= DIRECTIONS FOR THIS TASK =
Print the whole listing below exactly as given, pictures excluded.

= DATASET CONTENT =
┄┄┄┄┄┄
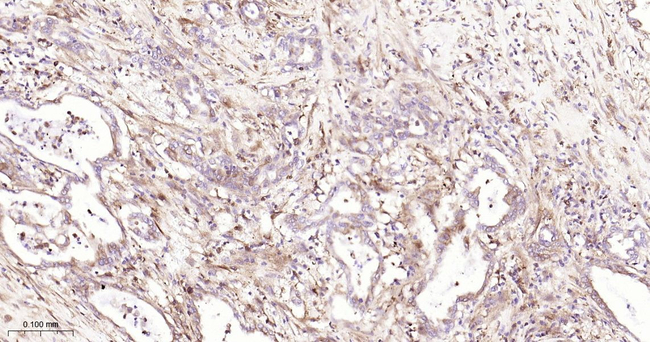 PGAM1 Antibody in Immunohistochemistry (Paraffin) (IHC (P))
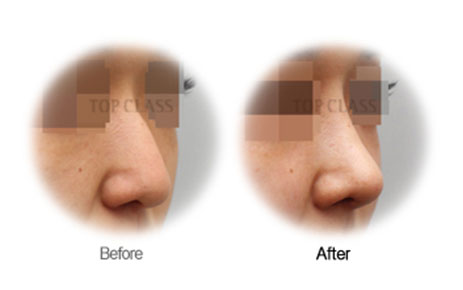 Case03 Before and After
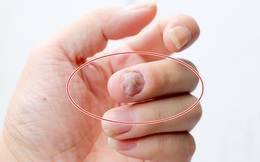4 thay đổi trên bàn tay cho thấy lá gan của bạn đang "cầu cứu", phát hiện sớm có thể điều trị hiệu quả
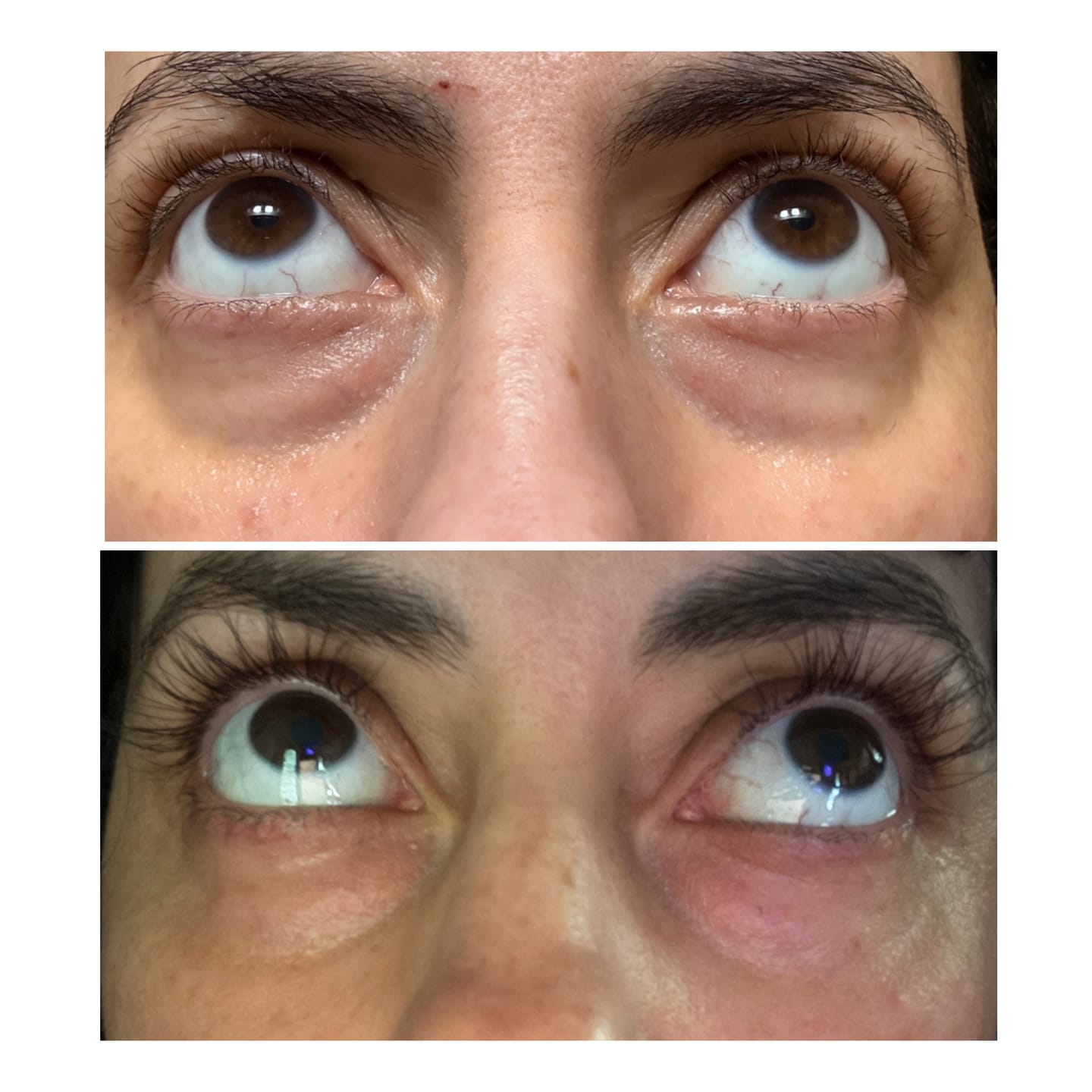 Customer photo review of fLASH EYELASH SERUM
┄┄┄┄┄┄
= WRITTEN ANSWER =
 PGAM1 Antibody in Immunohistochemistry (Paraffin) (IHC (P))
 Case03 Before and After
4 thay đổi trên bàn tay cho thấy lá gan của bạn đang "cầu cứu", phát hiện sớm có thể điều trị hiệu quả
 Customer photo review of fLASH EYELASH SERUM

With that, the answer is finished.